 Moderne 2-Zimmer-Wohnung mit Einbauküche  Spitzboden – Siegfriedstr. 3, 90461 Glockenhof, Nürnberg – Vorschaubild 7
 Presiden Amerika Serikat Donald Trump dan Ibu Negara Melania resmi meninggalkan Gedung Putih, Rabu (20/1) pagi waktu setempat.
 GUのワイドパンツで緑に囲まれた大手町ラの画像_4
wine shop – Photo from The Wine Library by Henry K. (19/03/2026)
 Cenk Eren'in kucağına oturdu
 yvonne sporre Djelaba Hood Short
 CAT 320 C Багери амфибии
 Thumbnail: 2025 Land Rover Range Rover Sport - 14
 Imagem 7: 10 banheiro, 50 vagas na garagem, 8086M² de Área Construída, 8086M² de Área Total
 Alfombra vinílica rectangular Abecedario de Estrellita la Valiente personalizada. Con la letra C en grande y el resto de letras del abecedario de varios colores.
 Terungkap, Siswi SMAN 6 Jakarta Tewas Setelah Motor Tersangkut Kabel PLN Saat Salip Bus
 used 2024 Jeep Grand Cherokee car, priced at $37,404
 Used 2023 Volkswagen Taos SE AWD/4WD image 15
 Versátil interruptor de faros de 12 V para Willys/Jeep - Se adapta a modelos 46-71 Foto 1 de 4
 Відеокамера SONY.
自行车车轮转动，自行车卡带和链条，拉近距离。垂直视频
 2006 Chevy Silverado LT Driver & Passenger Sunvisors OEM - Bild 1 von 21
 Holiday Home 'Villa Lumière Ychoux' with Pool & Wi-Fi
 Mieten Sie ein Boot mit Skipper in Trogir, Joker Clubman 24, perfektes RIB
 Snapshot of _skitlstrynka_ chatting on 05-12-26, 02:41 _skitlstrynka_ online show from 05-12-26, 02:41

***

▸ Exercise description
An exact transcription of the data above is required.

▸ Written answer
 Moderne 2-Zimmer-Wohnung mit Einbauküche  Spitzboden – Siegfriedstr. 3, 90461 Glockenhof, Nürnberg – Vorschaubild 7
 Presiden Amerika Serikat Donald Trump dan Ibu Negara Melania resmi meninggalkan Gedung Putih, Rabu (20/1) pagi waktu setempat.
 GUのワイドパンツで緑に囲まれた大手町ラの画像_4
wine shop – Photo from The Wine Library by Henry K. (19/03/2026)
 Cenk Eren'in kucağına oturdu
 yvonne sporre Djelaba Hood Short
 CAT 320 C Багери амфибии
 Thumbnail: 2025 Land Rover Range Rover Sport - 14
 Imagem 7: 10 banheiro, 50 vagas na garagem, 8086M² de Área Construída, 8086M² de Área Total
 Alfombra vinílica rectangular Abecedario de Estrellita la Valiente personalizada. Con la letra C en grande y el resto de letras del abecedario de varios colores.
 Terungkap, Siswi SMAN 6 Jakarta Tewas Setelah Motor Tersangkut Kabel PLN Saat Salip Bus
 used 2024 Jeep Grand Cherokee car, priced at $37,404
 Used 2023 Volkswagen Taos SE AWD/4WD image 15
 Versátil interruptor de faros de 12 V para Willys/Jeep - Se adapta a modelos 46-71 Foto 1 de 4
 Відеокамера SONY.
自行车车轮转动，自行车卡带和链条，拉近距离。垂直视频
 2006 Chevy Silverado LT Driver & Passenger Sunvisors OEM - Bild 1 von 21
 Holiday Home 'Villa Lumière Ychoux' with Pool & Wi-Fi
 Mieten Sie ein Boot mit Skipper in Trogir, Joker Clubman 24, perfektes RIB
 Snapshot of _skitlstrynka_ chatting on 05-12-26, 02:41 _skitlstrynka_ online show from 05-12-26, 02:41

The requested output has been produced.